5. At the NCS Cluster Selection screen, specify the required information and click Next:

image If this is a new cluster—Specify a name for the Cluster object, the name of your eDirectory tree, and the context for the Cluster object.

image If you are adding nodes—Specify the name of the Cluster object to which you want to add nodes, your eDirectory tree, and the context of the Cluster object.

image If you are upgrading software—Specify the name of the Cluster object to be upgraded, your eDirectory tree, and the context of the Cluster object. Skip to step 9.

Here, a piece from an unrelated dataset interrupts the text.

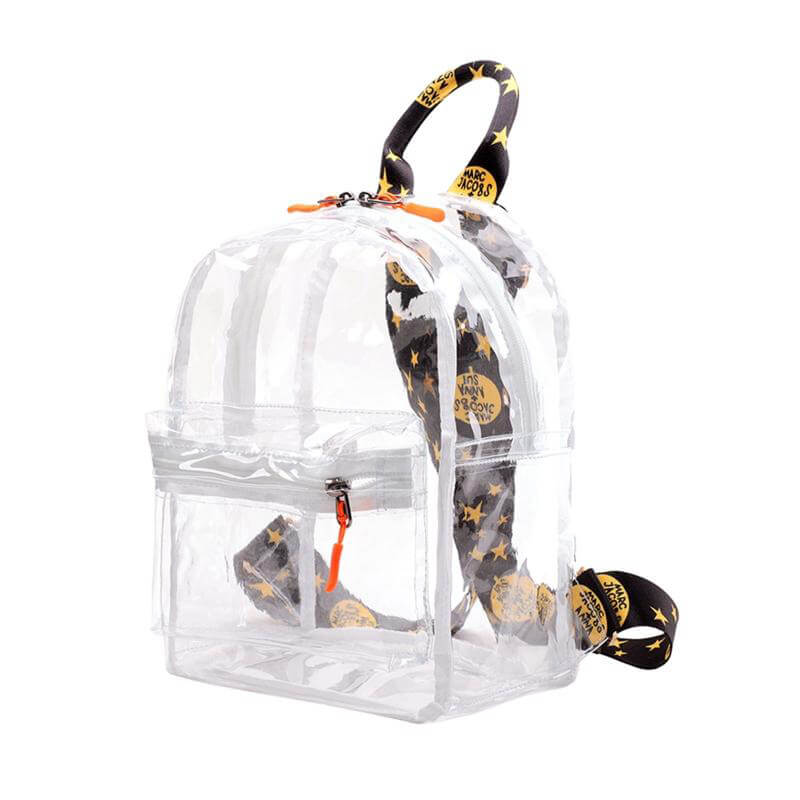 designer clear mini backpack Cute Clear Mini Backpack Transparent Bookbag PVC for Women, White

6. At the NCS Cluster Node Modification screen, click the Browse button to open a secondary window from which you can select all the server objects you want to add to the cluster. You must select at least two servers. Click OK to exit the secondary window and Next to continue with the installation.

Note

You can remove a node from the cluster by selecting it from the NetWare Servers in Cluster list and clicking Remove. NCS automatically detects the IP address of a server that is added to a cluster. If a specified server has more than one IP address, you will be prompted to select the IP address you want Novell Cluster Services to use.

7. At the Cluster IP Address Selection screen, specify a unique IP address for the Cluster object and click Next. The cluster IP address is separate from the server IP address. ConsoleOne and NoRM use it for cluster management functions. The cluster IP address will be bound to the master node and will remain with the master node, even as it moves from server to server during failover events.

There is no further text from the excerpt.